Stored data
________________

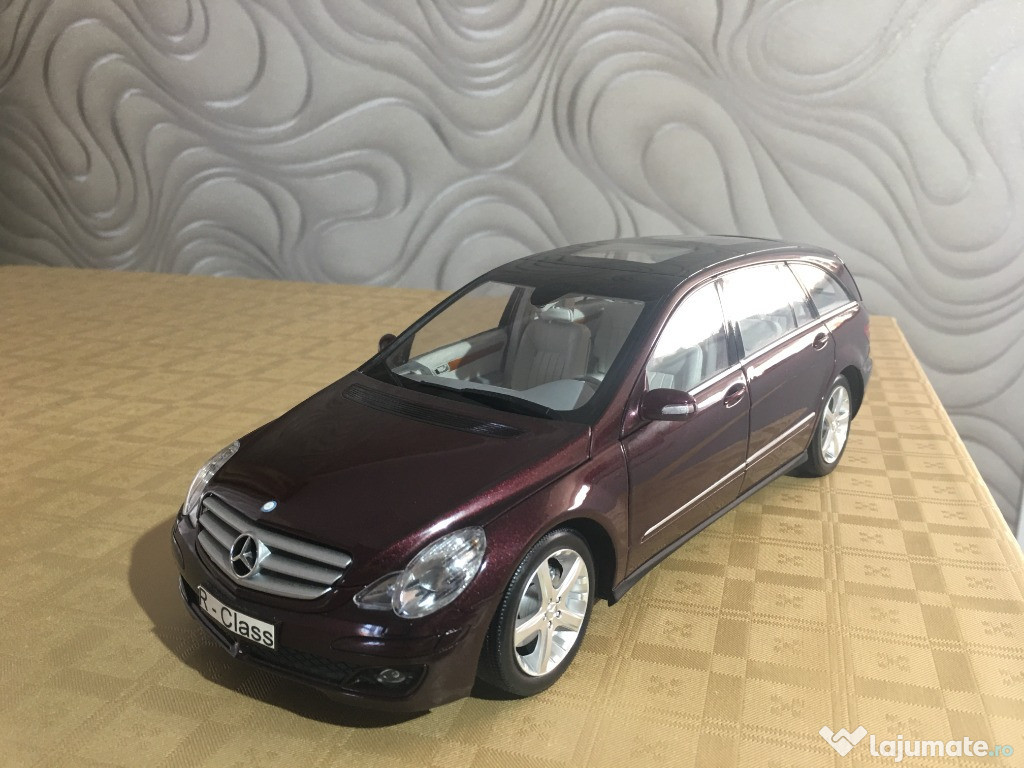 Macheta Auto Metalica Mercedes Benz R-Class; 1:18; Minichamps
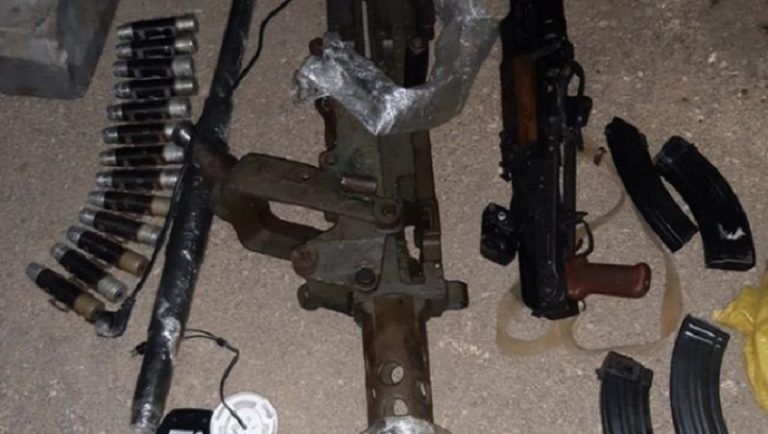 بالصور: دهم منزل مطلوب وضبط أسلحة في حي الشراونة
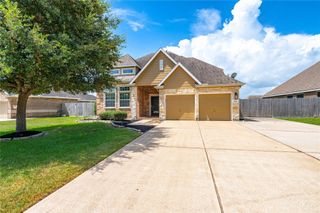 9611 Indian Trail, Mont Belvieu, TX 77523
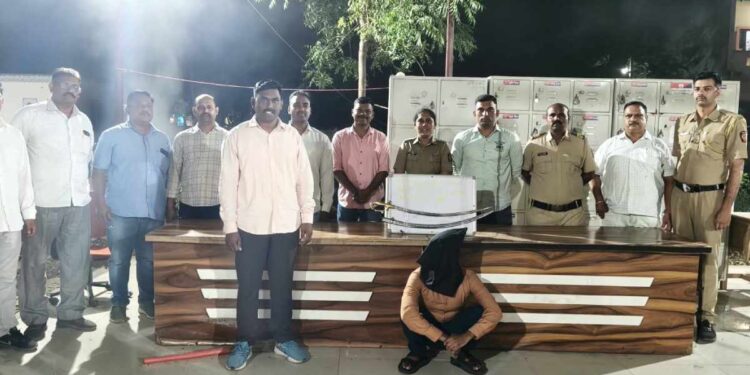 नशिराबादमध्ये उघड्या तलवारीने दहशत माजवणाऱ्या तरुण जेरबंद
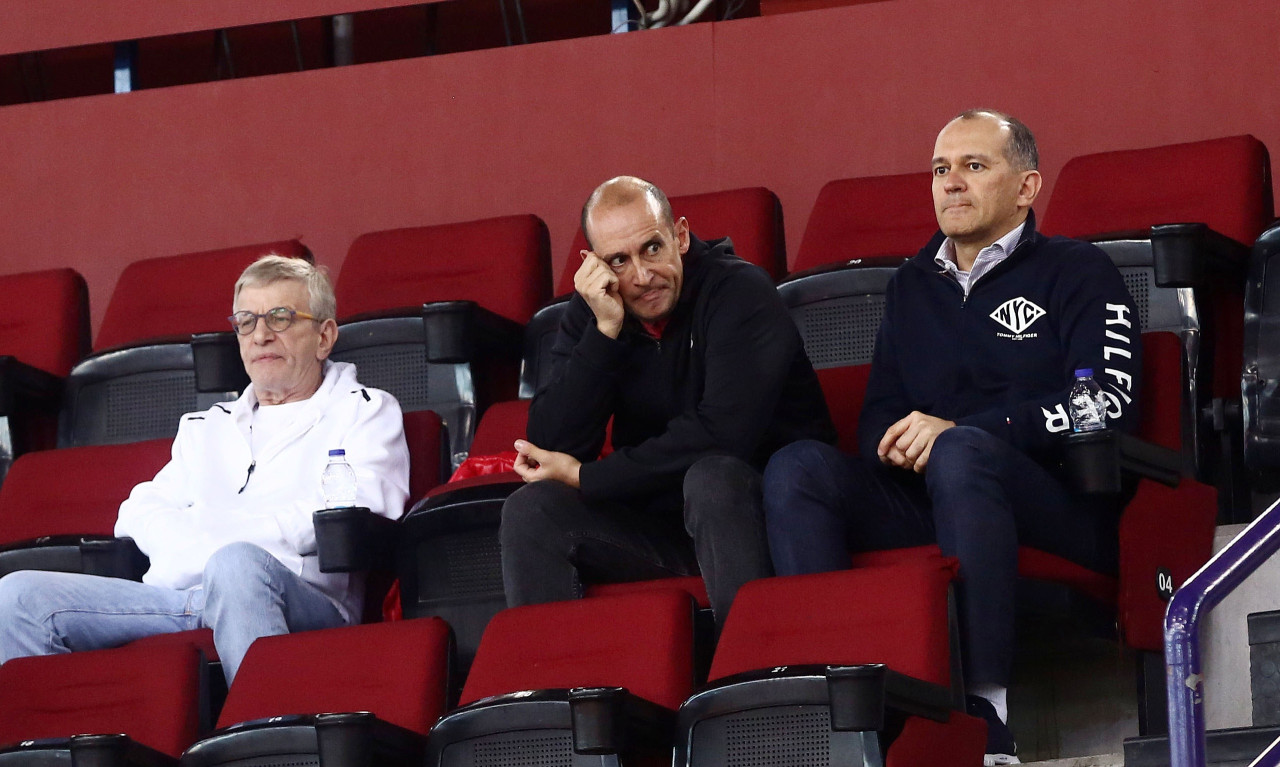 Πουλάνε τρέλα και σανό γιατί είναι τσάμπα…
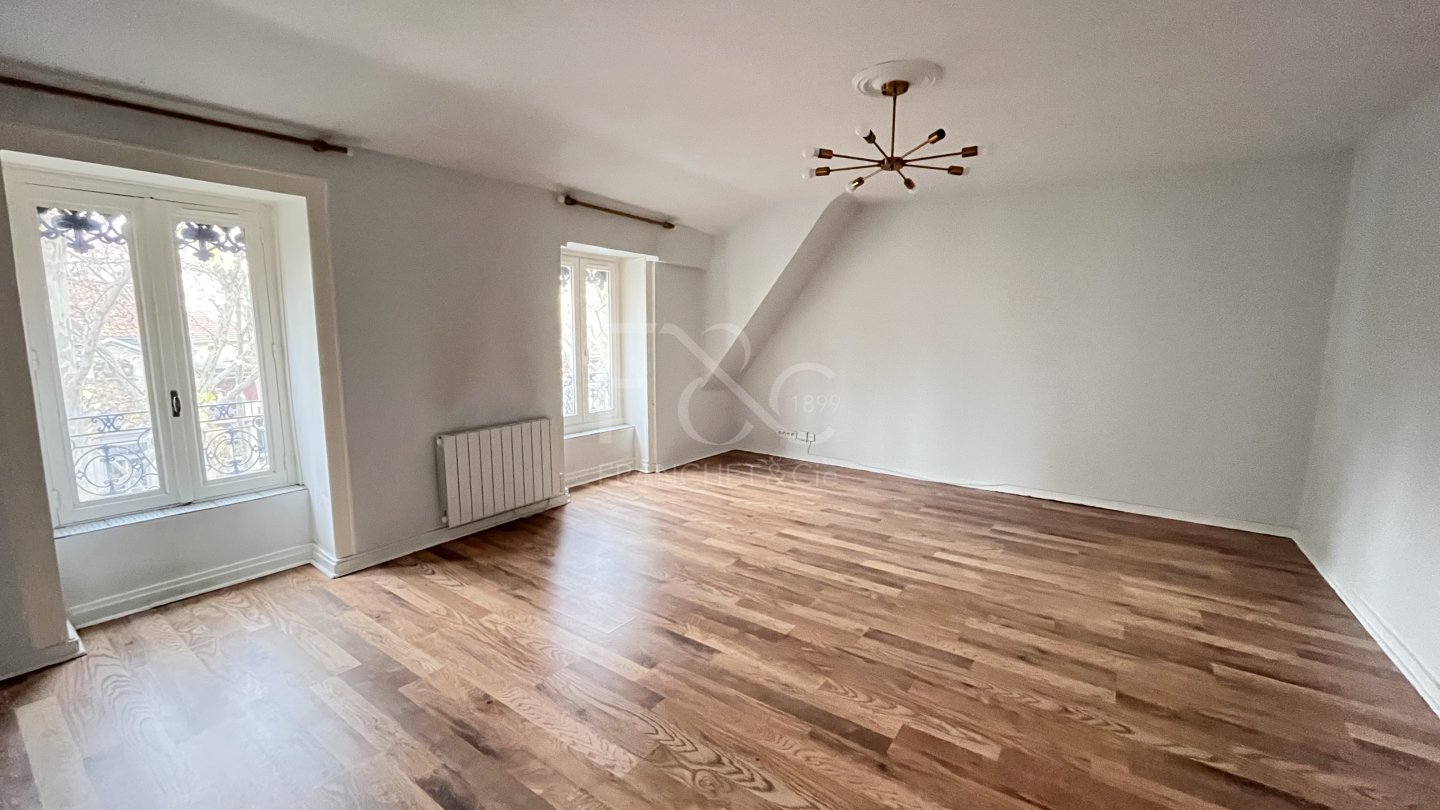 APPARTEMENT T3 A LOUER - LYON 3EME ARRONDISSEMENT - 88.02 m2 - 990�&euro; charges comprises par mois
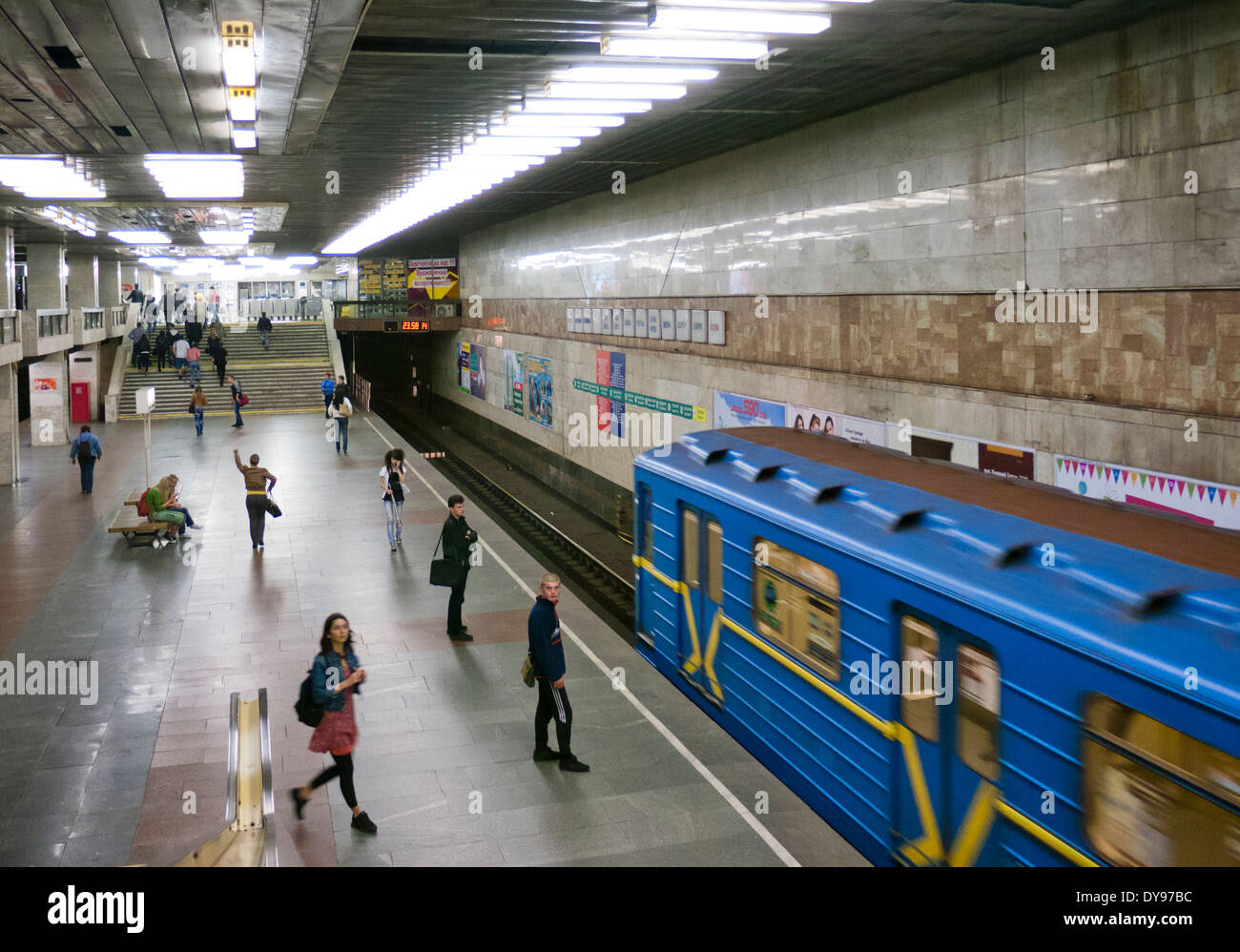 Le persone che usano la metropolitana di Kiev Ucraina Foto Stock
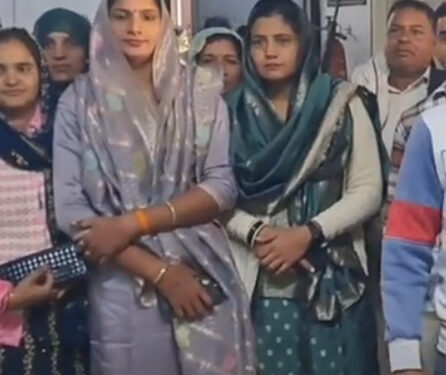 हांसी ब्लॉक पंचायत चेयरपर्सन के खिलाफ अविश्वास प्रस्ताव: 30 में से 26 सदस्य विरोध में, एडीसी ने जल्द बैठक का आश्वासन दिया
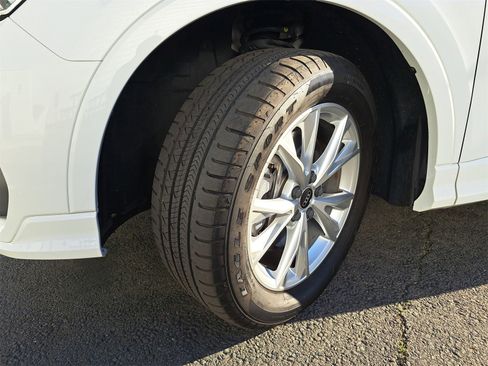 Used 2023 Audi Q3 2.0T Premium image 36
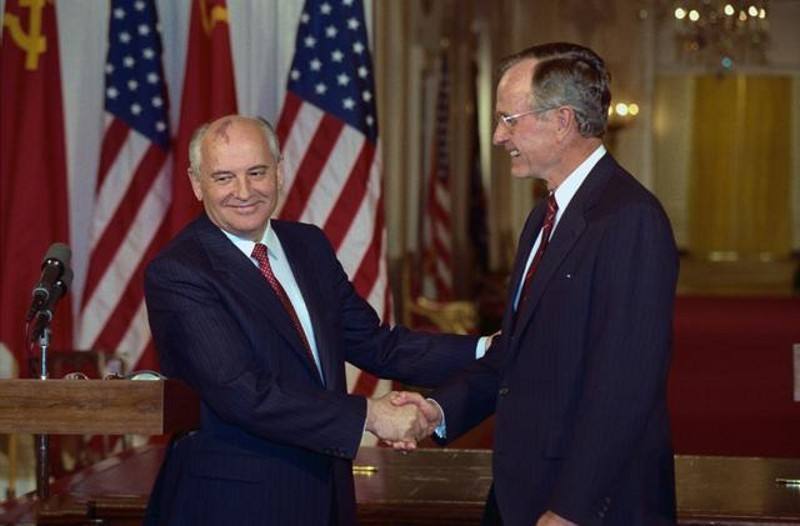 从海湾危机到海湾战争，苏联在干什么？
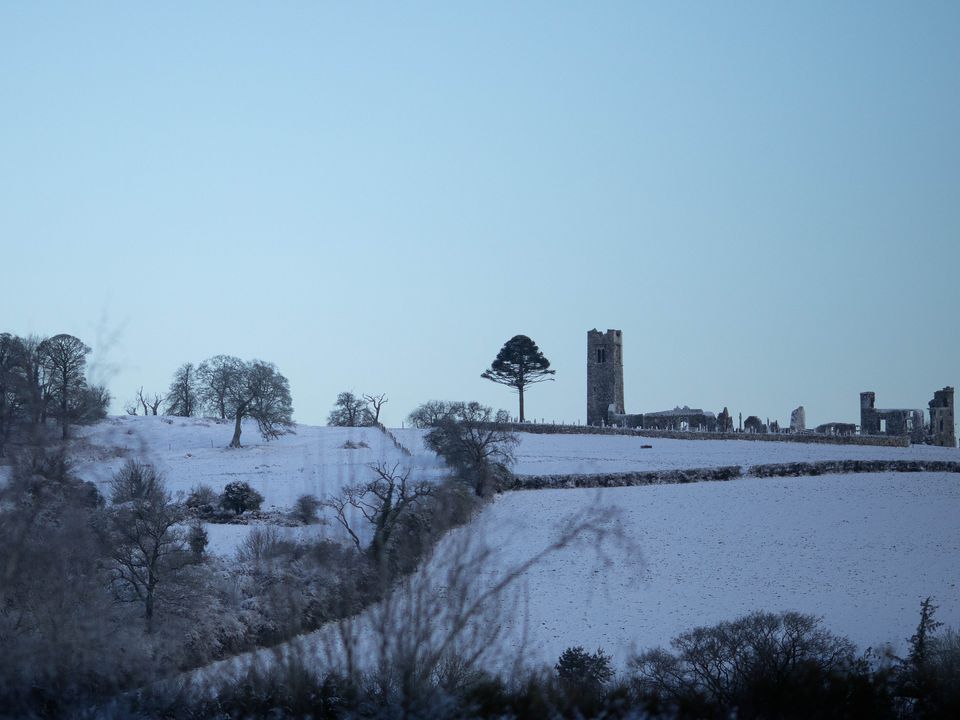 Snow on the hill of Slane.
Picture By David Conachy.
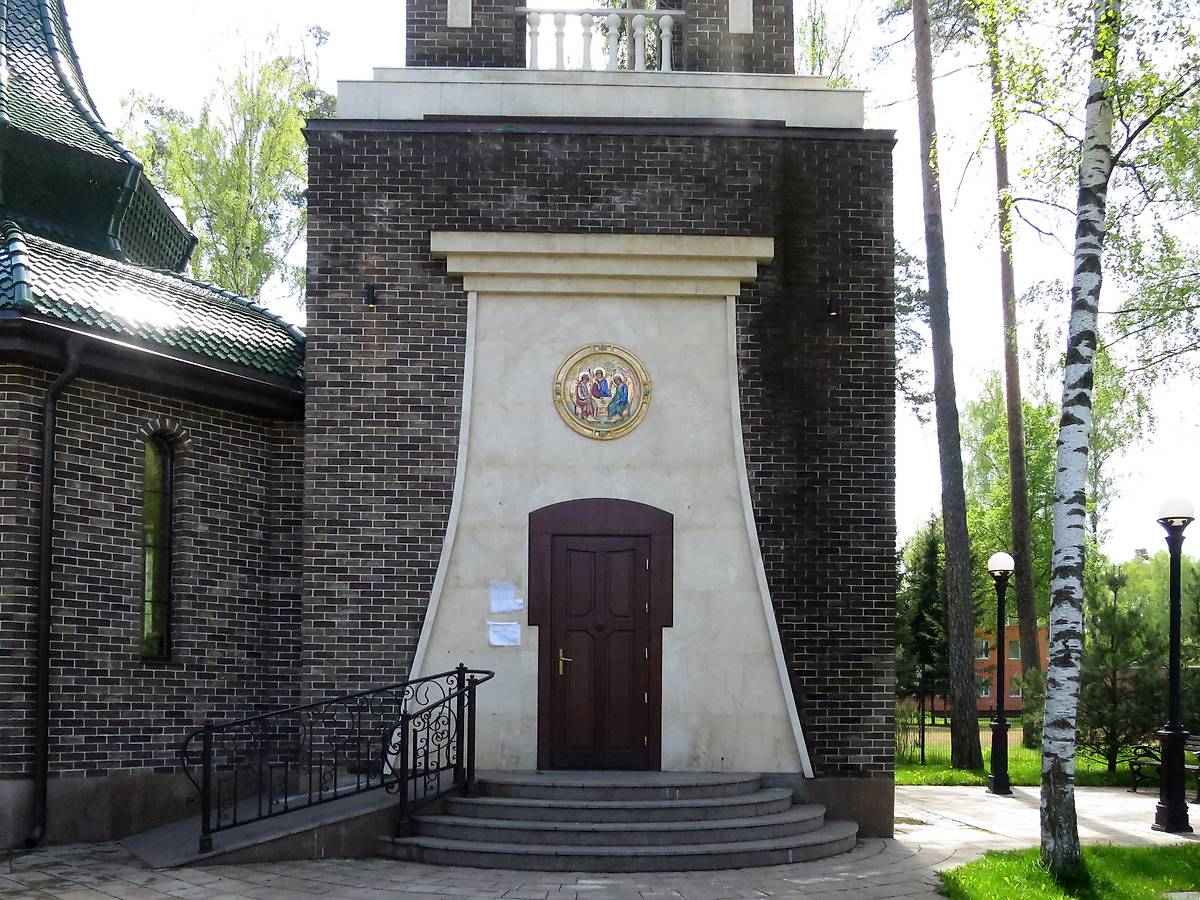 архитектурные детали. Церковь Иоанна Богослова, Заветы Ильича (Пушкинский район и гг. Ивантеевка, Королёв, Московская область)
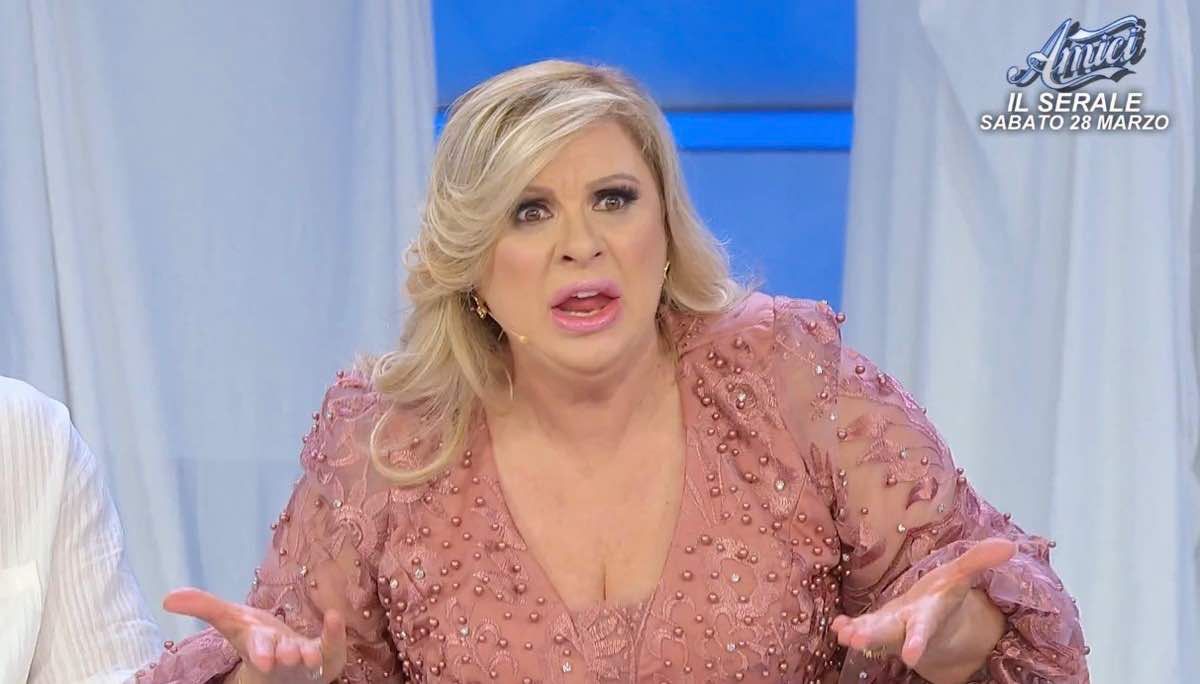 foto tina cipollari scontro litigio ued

________________

§ What is required: Beginning with the line that contains "Snow on the hill of Slane.", repeat every remaining line of the data exactly, the last line included, and omit pictures.

§ Exercise solution:
 Snow on the hill of Slane.
Picture By David Conachy.
 архитектурные детали. Церковь Иоанна Богослова, Заветы Ильича (Пушкинский район и гг. Ивантеевка, Королёв, Московская область)
 foto tina cipollari scontro litigio ued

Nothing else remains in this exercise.